Nell'esperienza risorgimentale il Parlamento ha rappresentato un ineguagliabile catalizzatore dell'identità nazionale perché furono proprio le istituzioni parlamentari - e segnatamente la Camera elettiva - a dare legittimazione al processo di unificazione, ad orientare in senso liberale il difficile percorso di edificazione dello Stato nazionale. "L'Italia può vantare - affermava a questo proposito Biancheri in un suo discorso d'insediamento del 30 gennaio 1889 - la invidiata fortuna di avere le sue liberali istituzioni interamente sottratte a qualsiasi mutamento inconsulto come ad ogni partigiana inconsideratezza".
Vorrei concludere con un accenno ad un tratto della personalità di Biancheri che sarà sicuramente sviluppato dagli illustri relatori, ma che assume un particolare valore per quanti rivestono oggi un mandato parlamentare. In ragione delle sue ascendenze familiari, egli sentì sempre forte e vitale la "religione del dovere" che si sforzò di seguire in tutti i lunghi anni del suo magistero presidenziale.

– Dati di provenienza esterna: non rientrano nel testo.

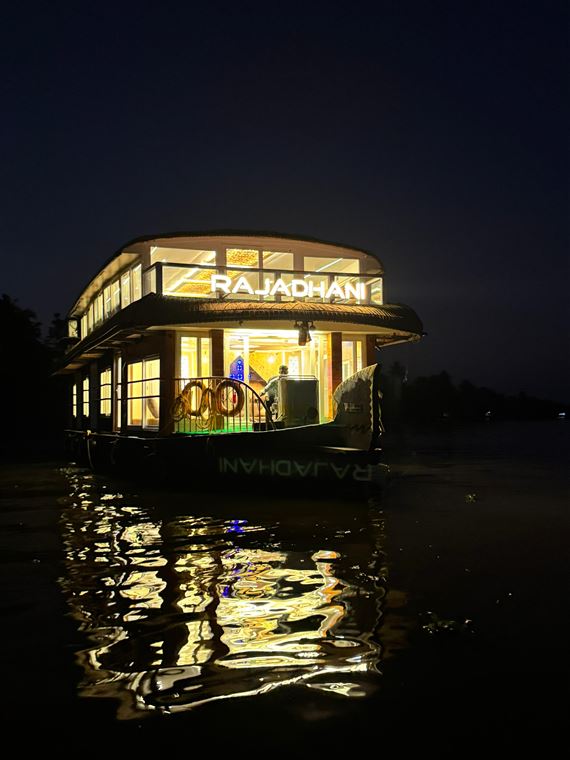 Houseboat lit up at night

Oggi, in una temperie segnata da una forte critica anti-politica ed anti-parlamentare, non sempre immotivata, appaiono di perdurante attualità alcune sue parole, pronunciate nel 1873. Consentitemi di riproporle per intero perché interpellano direttamente, nell'Italia liberale come in quella del nostro tempo, la responsabilità di quanti rivestono un mandato politico:
"Rappresentare la nazione è incontestabilmente una distinzione grandissima; conviene, però non risentirne soltanto l'onore, ma aver la coscienza, ad un tempo dei doveri che impone. Non esercitando un mandato (...) si vien meno ad un impegno ed a un obbligo assunto (...) e inconsciamente si reca anche una gravissima offesa alle nostre parlamentari istituzioni, autorizzando a supporre che la nazione tenga un pochissimo conto codeste istituzioni medesime, che pure racchiudono le più preziose guarentigie, e le costarono tanti sacrifizi e tanti dolori". Dopo più di cento anni queste parole sono sempre meritevoli di considerazione.